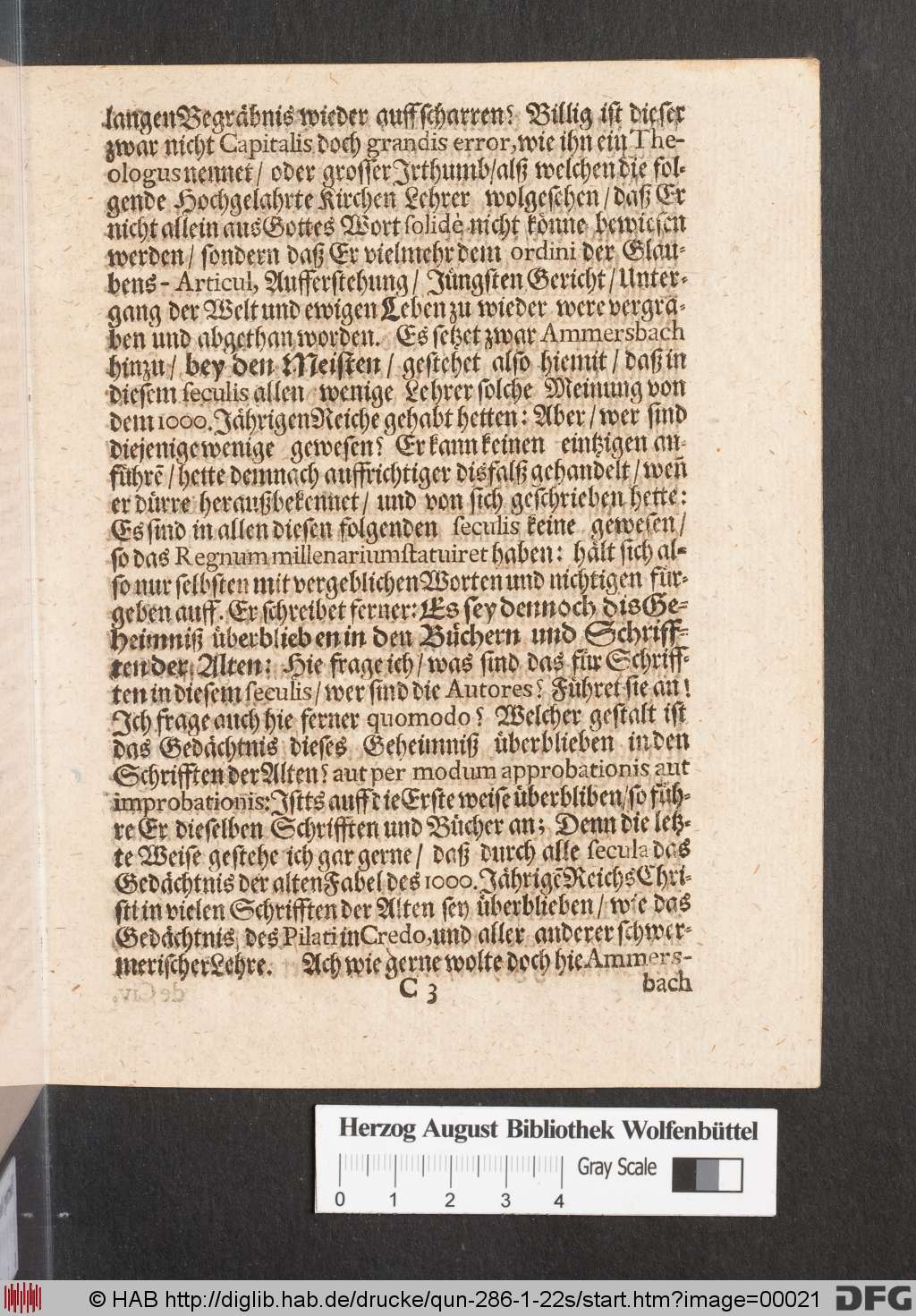 http://diglib.hab.de/drucke/qun-286-1-22s/00021.jpg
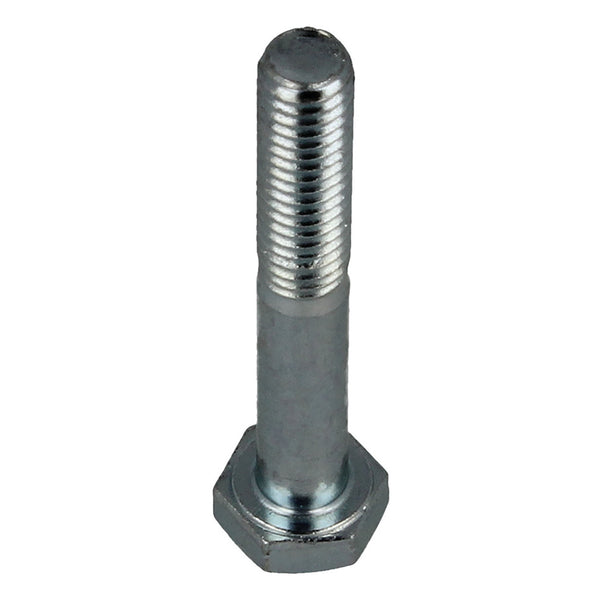Group 3 Hexagon Bolt Light Duty; BOLTG3 product image by LMC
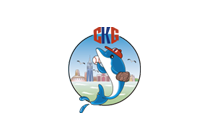 硬式野球部 練習会 開催【第一回 野手部門】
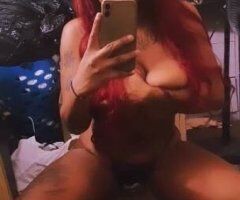 THICK WET & JUICY EBONY 🥂 $100 QV SPECIAL 💕✨ AVAILABLE NOW 📲 - Image 2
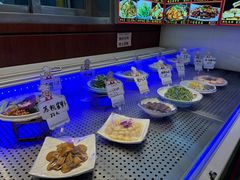 -惠宾饭庄(中山路店)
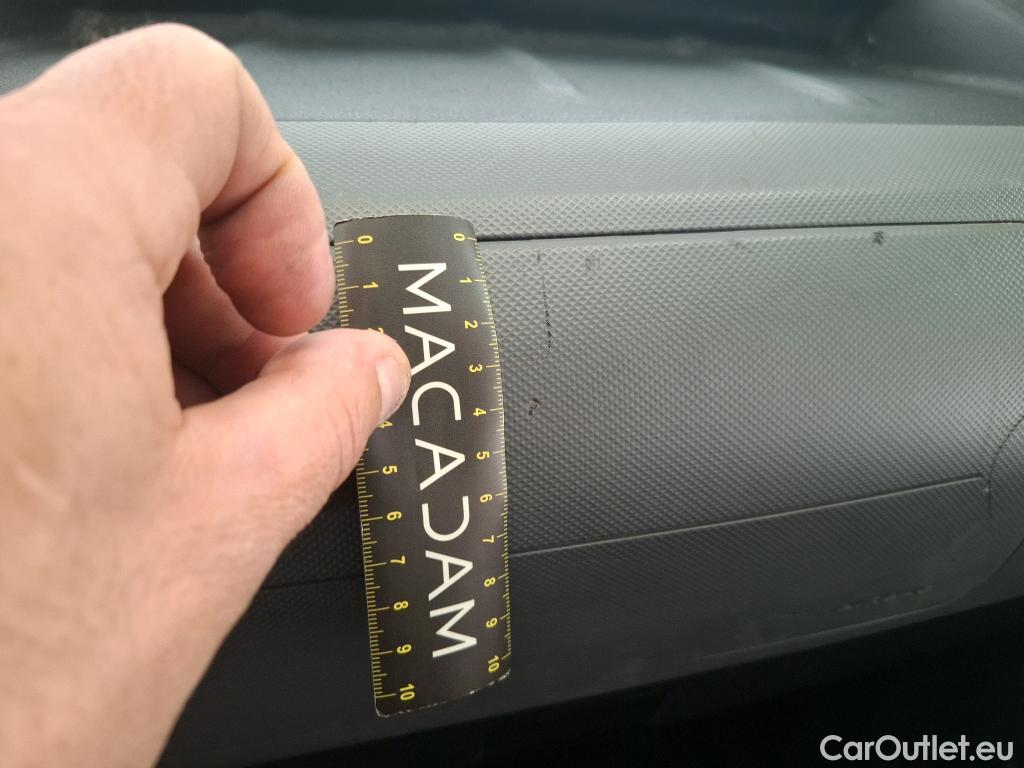  Peugeot  Partner  L1 Premium Pack 1.6 HDi 100CV BVM5 E6 #20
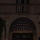 224706_93641_mini
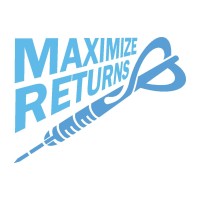 Speetii logo - Similar company to Mfinite Marketing Solutions Pvt Ltd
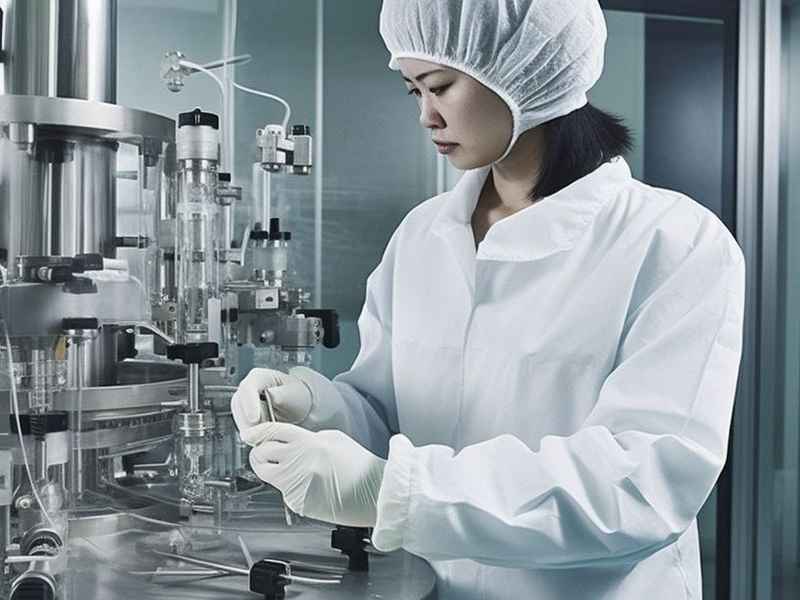 医用级卫生巾国家标准;医用级卫生巾国家标准是什么 医用级卫生巾国家标准;医用级卫生巾国家标准是什么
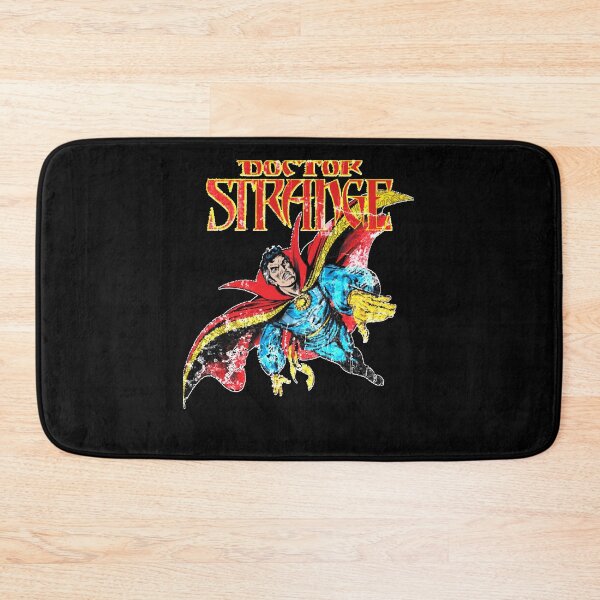 Item preview, Doctor Strange dr strange classic Classic Essential designed and sold by KathleenHiguera.
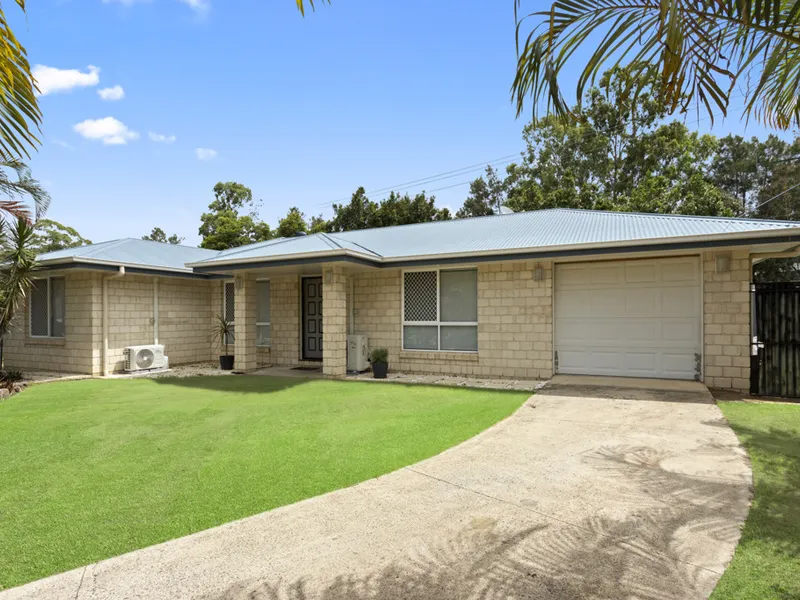 Great for First Home Buyers or Investors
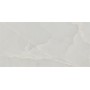 Плитка Onyx Toscano бежевий 1200х600х8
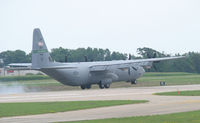 01-1462 @ KOSH - Oshkosh 2004 - by Mark Silvestri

» TASK DIRECTIONS
Would you restate word for word only the lines from the line with "Item preview, Doctor" to the last line above, with the pictures left out?

» RESPONSE TO THIS TASK
 Item preview, Doctor Strange dr strange classic Classic Essential designed and sold by KathleenHiguera.
 Great for First Home Buyers or Investors
 Плитка Onyx Toscano бежевий 1200х600х8
 01-1462 @ KOSH - Oshkosh 2004 - by Mark Silvestri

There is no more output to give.